The skid-steer market is a multi-billion market. Because ASV's technology could make a heavy machine light on the ground, yet with the traction, power and stability that increased performance, it became clear that ASV could compete head to head against the entrenched skid-steer -- and win.
Work on the RC-50 began in the summer of 2001, and within several months (product development speed that is unheard of within the industry), ASV not only had invented the RC-50, but had tested and had launched it to the public. Not only was the machine highly productive in the field, but has been unprecedented in dependability.

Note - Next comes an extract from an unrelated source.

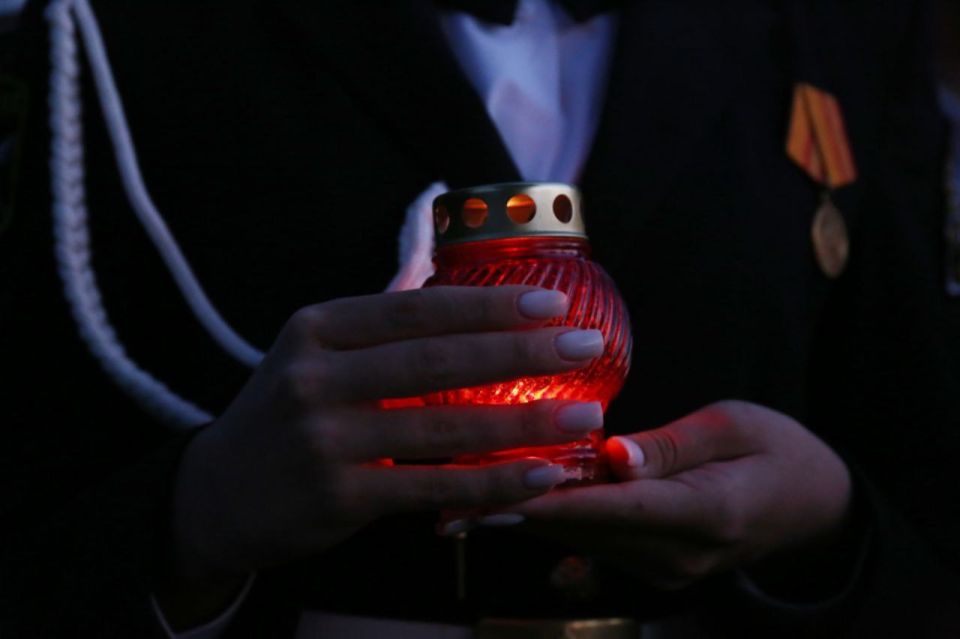 «Свеча памяти»: Сотрудники МВД по Республике Крым почтили память погибших в годы Великой Отечественной войны «Свеча памяти»: Сотрудники МВД по Республике Крым почтили память погибших в годы Великой Отечественной войны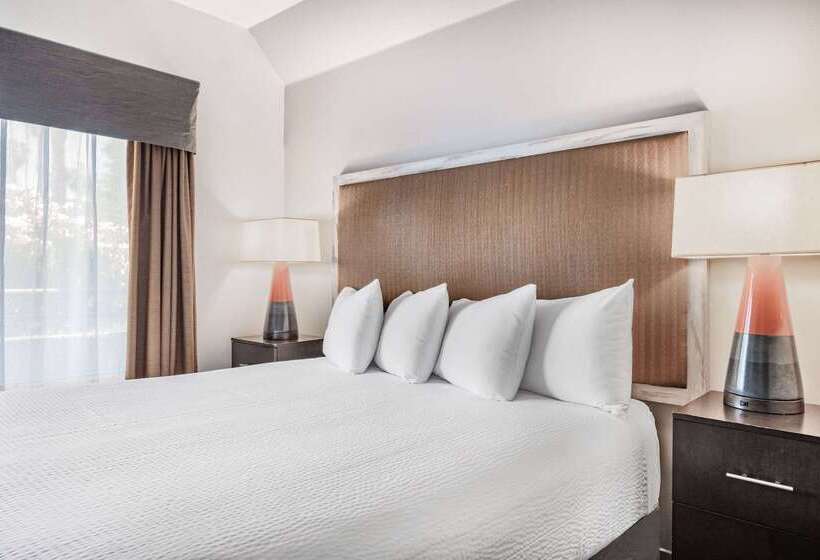 호텔 Ramada By Wyndham Bakersfield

The RC-50, with its sophisticated rubber-tracked undercarriage, utilized a series of wheeled contact points within the track that transfer the weight of the machine to the ground in such a manner that the 5,000 pound machine has a ground pressure of 2.7 psi (compared to the 6.0 psi of an average adult. In contrast, a typical skid-steer has a psi of 35, more than 10 times greater than the RC-50. (The exact date? 3/1/2001)
What were the results?
Over the past several months, the RC-50 has become the only true challenger to the skid-steer, and has begun to alter an entrenched industry that has trouble accepting change quickly. The technology is radical -- a machine that can work more powerfully, efficiently, yet be environmentally sensitive.
The RC-50 has become ASV's best seller. It has pushed competitors to continue in their effort to catch ASV with rubber-tracked machines. However, because of the unique design and patent of the ASV technology, there are currently no competitors who are challenging the technology directly. ASV also manufacturers the rubber-tracked undercarriage for Caterpillar (which owns 15 percent of ASV).
What's your parting tip?
President and CEO Gary Lemke: "So many startup businesses think that the other person must be the expert, so they go around looking for advice. Really, if you have a new product, it's hard to find advice on it. You have to realize that your people are the experts, and just rely on your own findings."